05:39C'est pas catastrophique, mais ça se ressent.
05:41Les combats sont clairement l'un des piliers du jeu.
05:44Tout se fait au tour par tour, avec une dimension très tactique.
05:47Positionnement, synergie, gestion des sorts, tout est important.
05:51Chaque affrontement demande un minimum de réflexion et on a apprécié cette exigence.
05:55Cela dit, les premières heures ne sont pas particulièrement difficiles.
05:57Faut surtout éviter les erreurs de placement, parce qu'un personnage mal positionné peut vite prendre cher.
06:02Dans l'ensemble, les combats restent accessibles tout en étant suffisamment profonds pour satisfaire les amateurs de stratégie.
06:07Et évidemment, comme dans toute partie de Donjons et Dragons qui se respectent,
06:10à la fin, celui qui a raison, c'est le D20.

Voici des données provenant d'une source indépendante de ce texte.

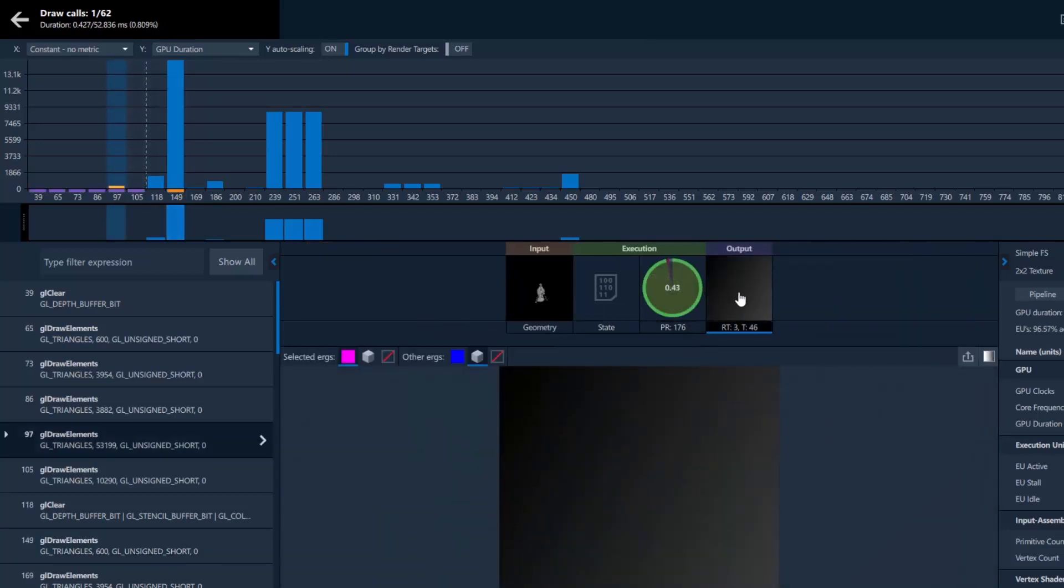If we look at this shadow map, we see which ergs wrote to this shadow map, and the subsequent erg that read from the shadow map. Using Resource History can help you quickly understand how your render is designed and how resources are being used.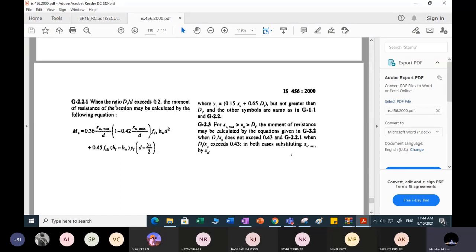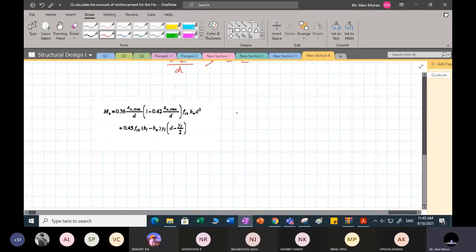As per IS 456, when the ratio df/d exceeds 0.2, the moment of resistance of the section may be calculated using the alternative equation. When computing the limiting moment of resistance, yf is substituted as 0.15 xu_lim plus 0.65 df. Since I am talking about limiting moment of resistance, xu will be equal to the limiting neutral axis depth xu_max.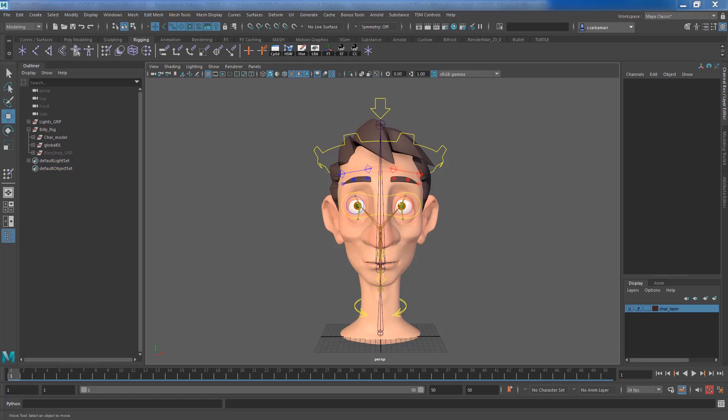Hello everyone, this is Reza. Welcome to the final part of this series.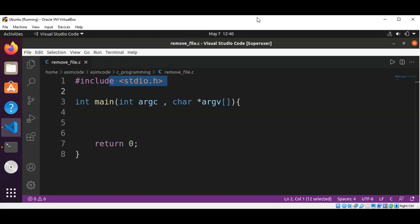Welcome to Awesome Code. Please subscribe to my channel. In this video we will learn how to get access rights and ownership of a file in C programming. We will use the stat system call to read information about the file, then we are going to show ownership and access rights, pulling information about the owner and group of the file, and the file mode.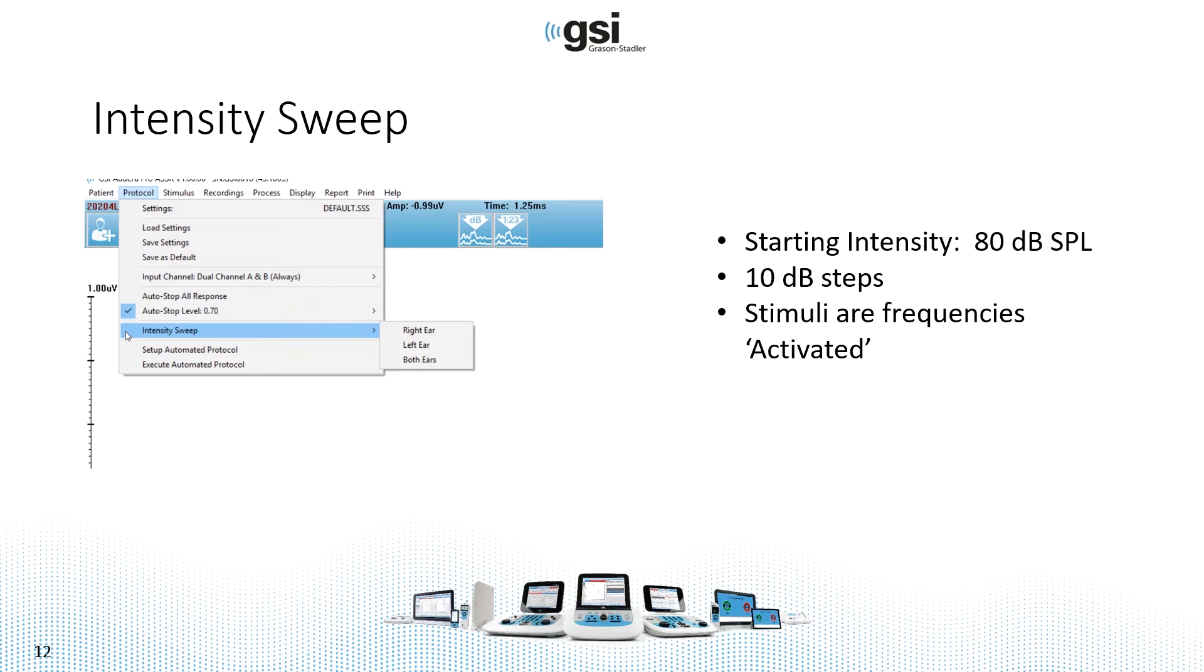So to do the intensity sweep, you would go to the protocol drop down, select intensity sweep, and select right, left or both ears. As soon as you make that selection, the test is going to start.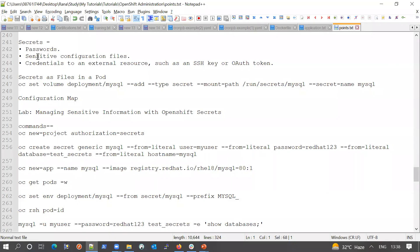Any sensitive information in your application or pod could be a secret, and these secrets you can share within your namespace. Whatever application you have in your project or namespace, you can share secrets between them. Secrets could be passwords or sensitive configuration files. Secrets can also be saved as a file inside the pod, and credentials for external resources such as SSH keys or tokens as well.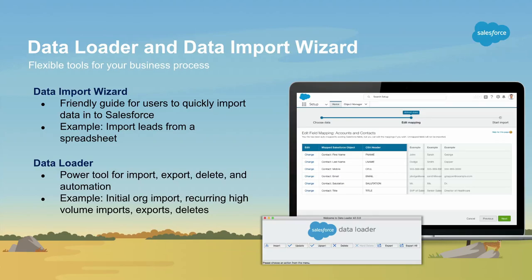The data import wizard is only used for imports — that's inserts or updates. The data loader, being the power tool, allows you more flexibility to do different kinds of operations. Some example use cases: an initial org import where you just signed up for Salesforce and have a lot of data from legacy systems. You'd generate CSV files and use data loader to import that data. Or, if you needed to mass delete or export data to other systems, you would use data loader for that.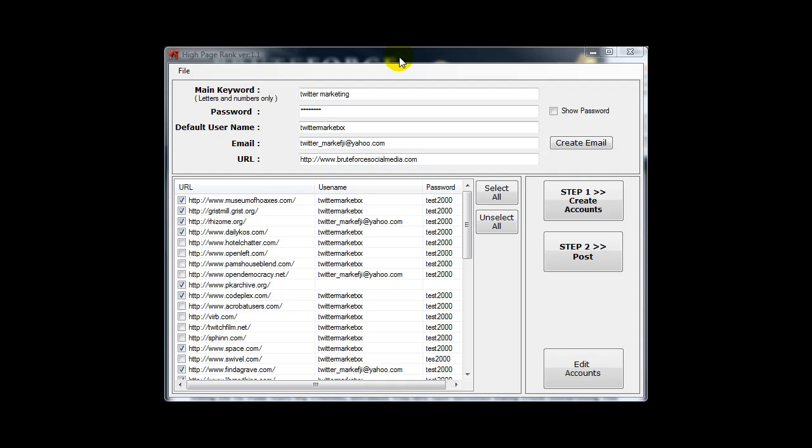The more authority your domain has, the easier it will rank for any future terms. Think of it. Think long term. Produce links to sites that you own. Don't give this authority away to other third party sites that you don't own, and you get a temporary benefit from. I just wanted to get that out of the way.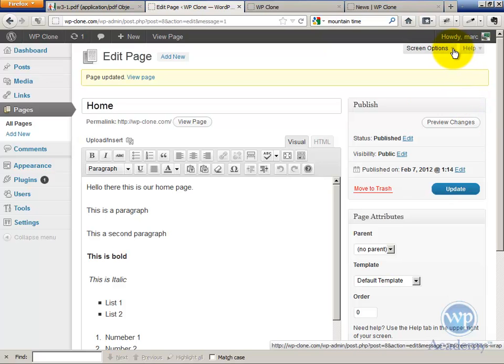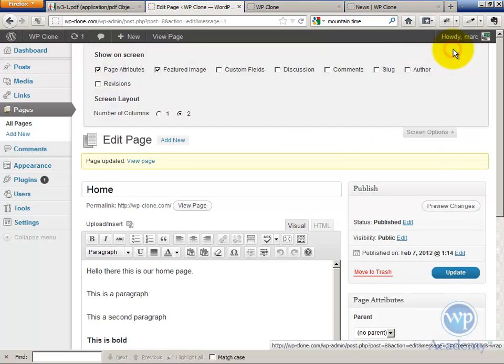Just pull down the screen options. First of all, you have to find what's called a discussion command box.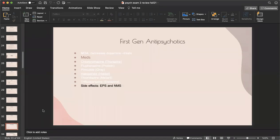First-generation antipsychotics have more side effects than second-generation. They decrease dopamine. The medications are Thorazine, Prolixin, Orap, Haldol, Mellaril, and Stelazine. The biggest side effects are EPS — extrapyramidal syndrome — and NMS, which I'll cover on the next slide.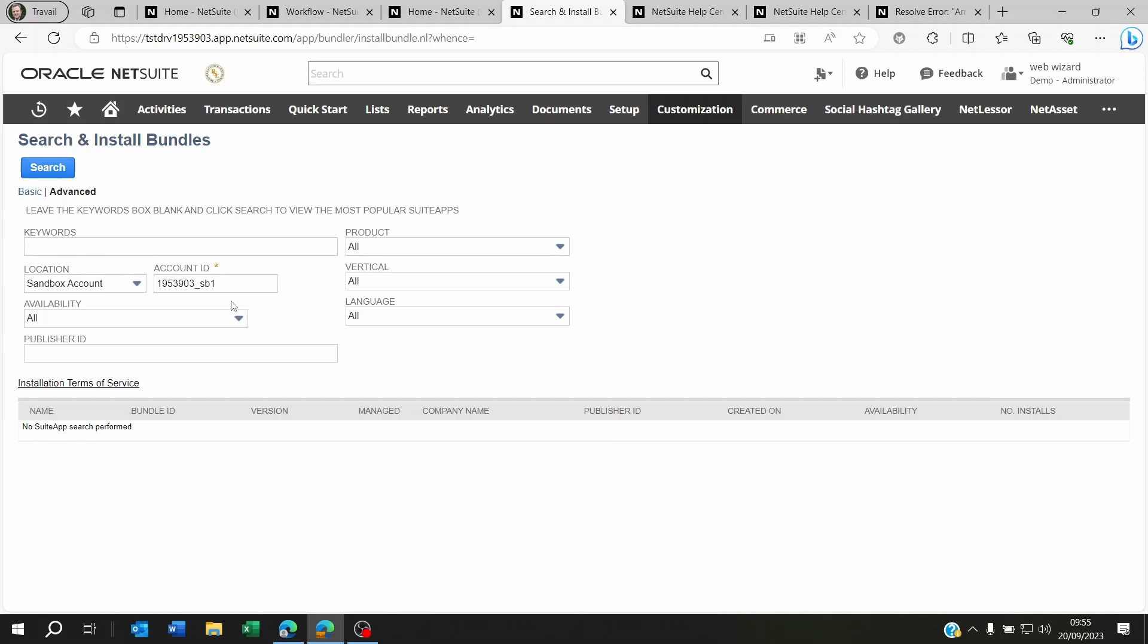When you click on search, it's going to find whatever bundle was shared to the account that you're actually on when trying to install the bundle, and you're going to be able to install it.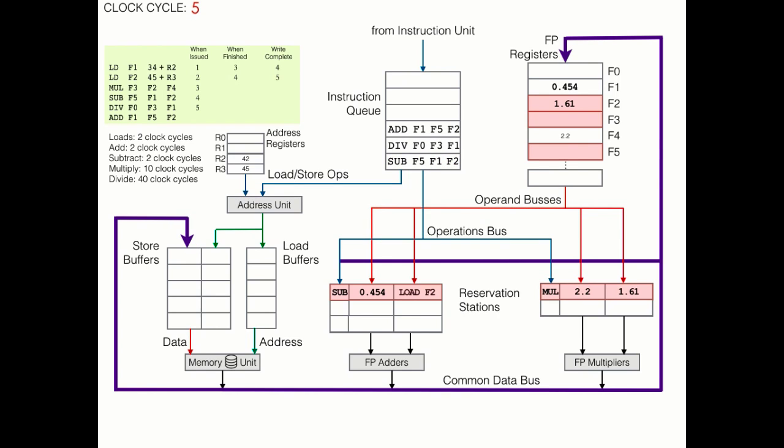In clock cycle 5, we have some minor housekeeping to do. Now that F2 has been written, it's no longer busy. So let's not color that red anymore. Moreover, because it's no longer busy, we can update the reservation station with the operand. Now both of these instructions are ready to go. The data is moved from the reservation stations into their corresponding ALUs. And the multiply and subtraction operations both commence.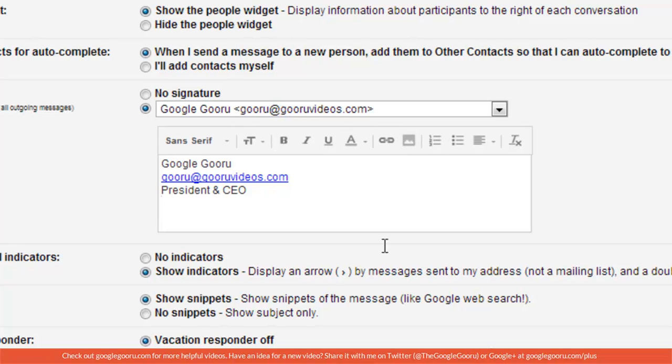However, for administrators there's no way to standardize or enforce signatures in the Google Control Panel. But there is a solution for that, and it's a third-party app called Flash Panel. I'll show you how to use it right now.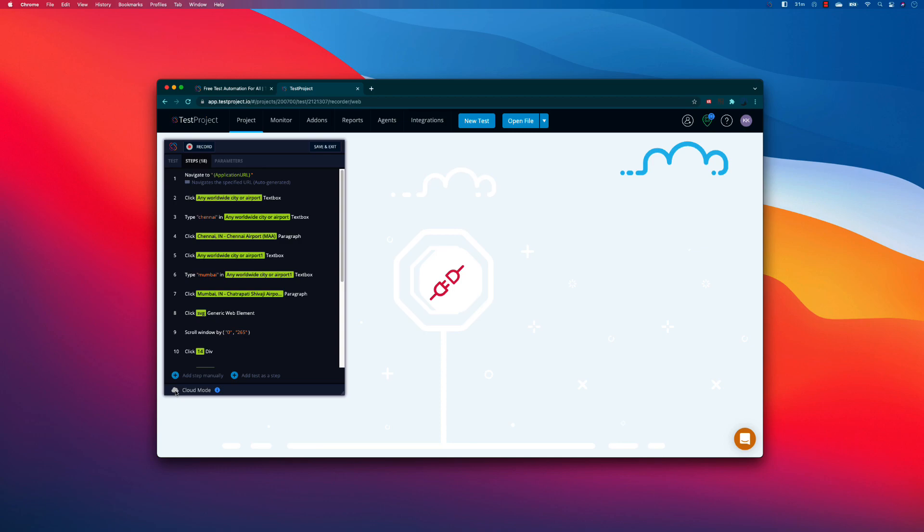But there is a much requested feature from the community asking how can I share the test among the community or the team members if they are struggling with some sort of test that they really wanted to test with. So in order to avoid this problem, TestProject came up with the solution of sharing the test.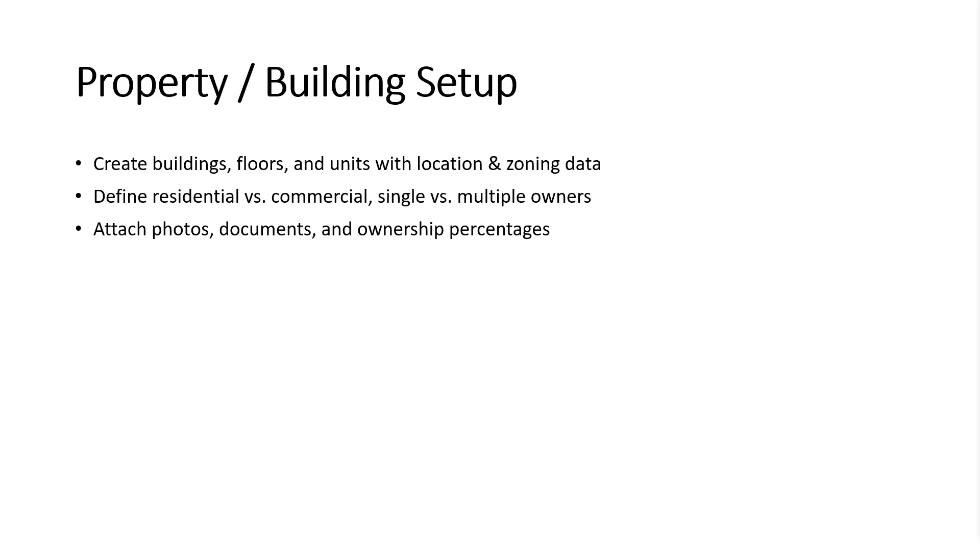This module lets you set up buildings, floors, and units with full location and zoning info. Define if the property is residential or commercial, single or multi-owner. You can also upload photos, documents, and set ownership percentages all in one place.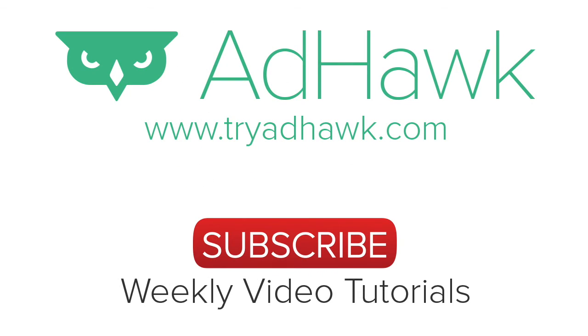Thanks so much. And be sure to subscribe to our channel to receive updates on digital advertising, walkthroughs, and video tutorials.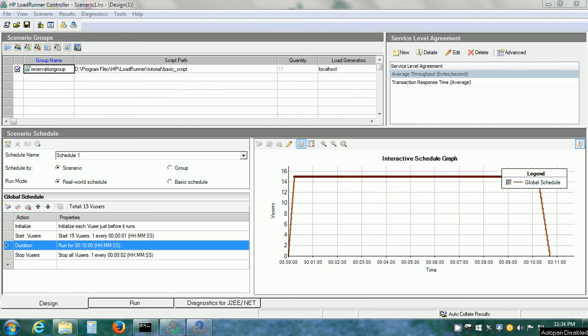Welcome to LoadRunner tutorial 12. In this video, we will dive deeper into the analysis component of LoadRunner.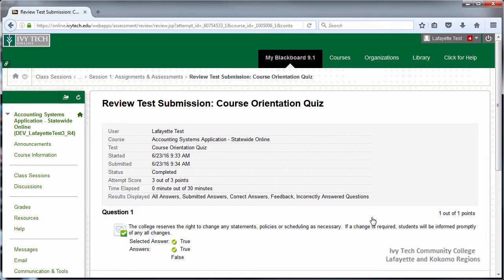This feedback may include the quiz questions, the answers you selected, the correct answers, or any combination of the three. Specific feedback for individual questions may also be provided here.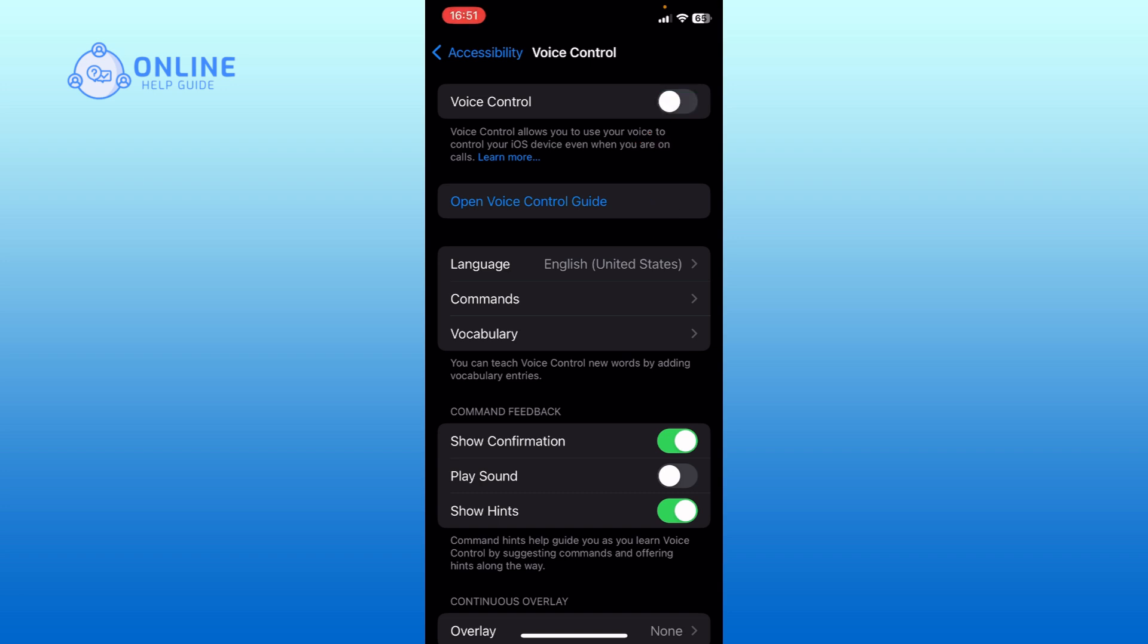And this is how you can disable voice control on iPhone. Thank you for watching Online Health Guide. Hope this video was helpful.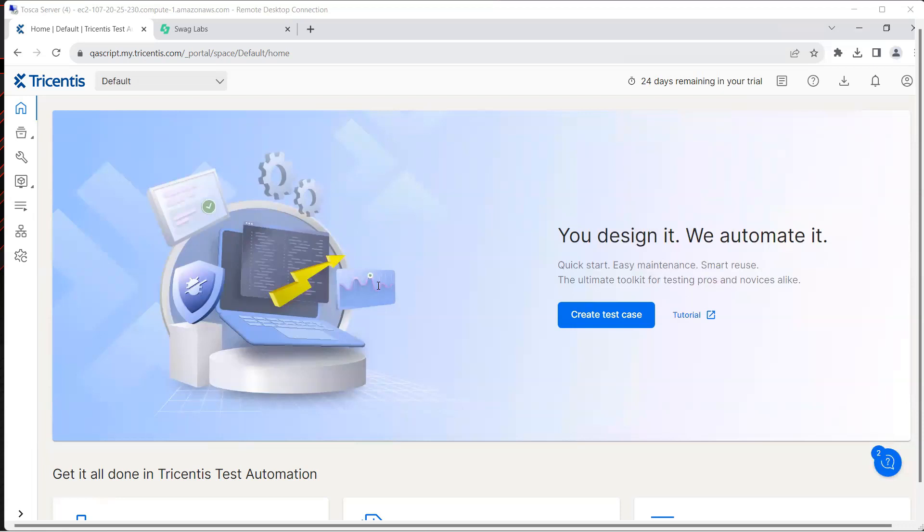Hey everyone, welcome back to another lesson in this Tricentis Test Automation Playlist. We have already seen how we can use a configuration parameter to make our tests more dynamic in nature, where the values are not static but they are dynamic and can be changed using these parameters.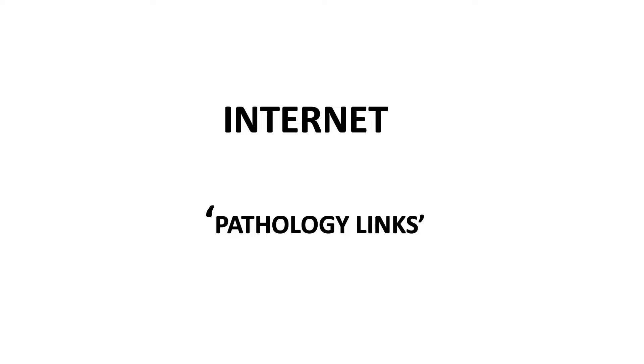I suggest you have a Twitter account - there's so much pathology happening on Twitter. I manage a group on Telegram called Pathology Links where I keep posting various links related to pathology.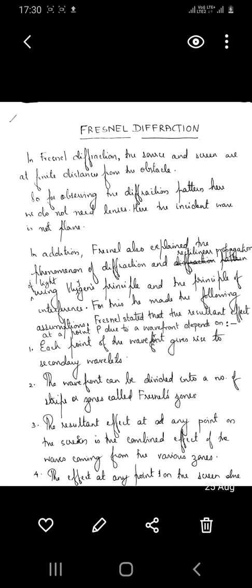Diffraction at a straight edge, which we will discuss in our later sessions, is an example of Fresnel diffraction.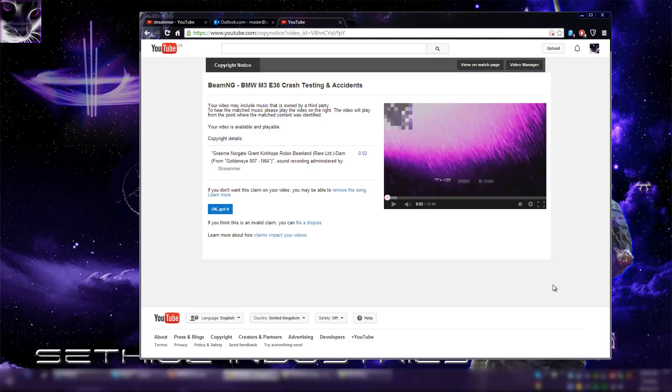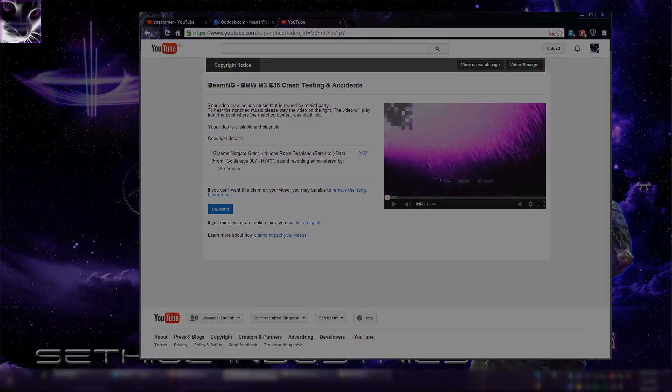If you see this dude don't be afraid, don't click OK got it because that's a false claim. So fight him, get him off YouTube. And I'll see you next time. Bye bye.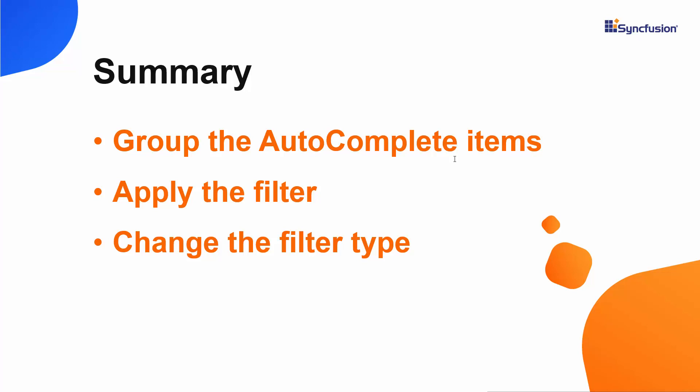If you would like to see the working example of the Autocomplete in this video, you can download it from the GitHub link in the description below. You can also see if you qualify for a free license key to use our Blazor products through our community license.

06:16Le vrai problème aujourd'hui, c'est la quantité de contenu.
06:18L'Orly Access propose moins de 10 heures de jeu.
06:20C'est assez court pour un jeu de rôle.
06:22On a accès à la première partie de l'acte 1 et les possibilités pour créer son groupe sont limitées.
06:27Concrètement, on peut choisir entre 6 classes et 4 origines.
06:30De quoi proposer des combinaisons intéressantes, mais on perçoit déjà les limites sur la durée.
06:34La progression est aussi bloquée au niveau 4, ce qui stoppe net la montée en puissance des personnages.
06:39Ça donne un goût de trop peu, surtout quand on commence à bien comprendre les mécaniques et qu'on a
06:43envie d'aller plus loin.
06:44Mais il y a beaucoup de choses prévues pour la suite.
06:46Du multijoueur coopératif en ligne, des nouvelles classes, des nouvelles origines, plus de zones, plus de quêtes, plus de monstres.
06:51Et surtout une version finale qui devrait étendre la progression jusqu'au niveau 10 et conclure l'histoire principale.
06:57Le potentiel est là, c'est évident, mais aujourd'hui on reste sur notre fin.
07:01Sur l'asta 2, c'est un jeu qui pose de bonnes bases, mais qui n'a pas encore atteint
07:05son plein potentiel.
07:06Si on le compare à Baldur's Gate 3, il n'est pas dans la même catégorie en termes de liberté
07:09et de narration.
07:10Mais il propose autre chose, une expérience plus cadrée et plus fidèle aux règles de donjons et dragons.
07:15Et ça, on a aimé.
07:17On a aussi aimé son univers original, ses combats et son système de création de personnages.
07:21On est moins fan de son côté trop dirigiste et du manque d'impact de nos choix sur l'aventure.
07:25Et puis sa durée de vie en l'état pour une early access.
07:28Mais malgré ses défauts, on sent un projet porté par des passionnés.
07:32Solasta 2, c'est pas encore un grand jeu de rôle, mais il pourrait le devenir avec le temps.
07:36Si vous aimez les jeux tactiques et l'univers de donjons et dragons, c'est clairement un titre à surveiller
07:40de près et même à soutenir.
07:42Et c'est pour toutes ces raisons que nous lui attribuons la note de 14 sur 20.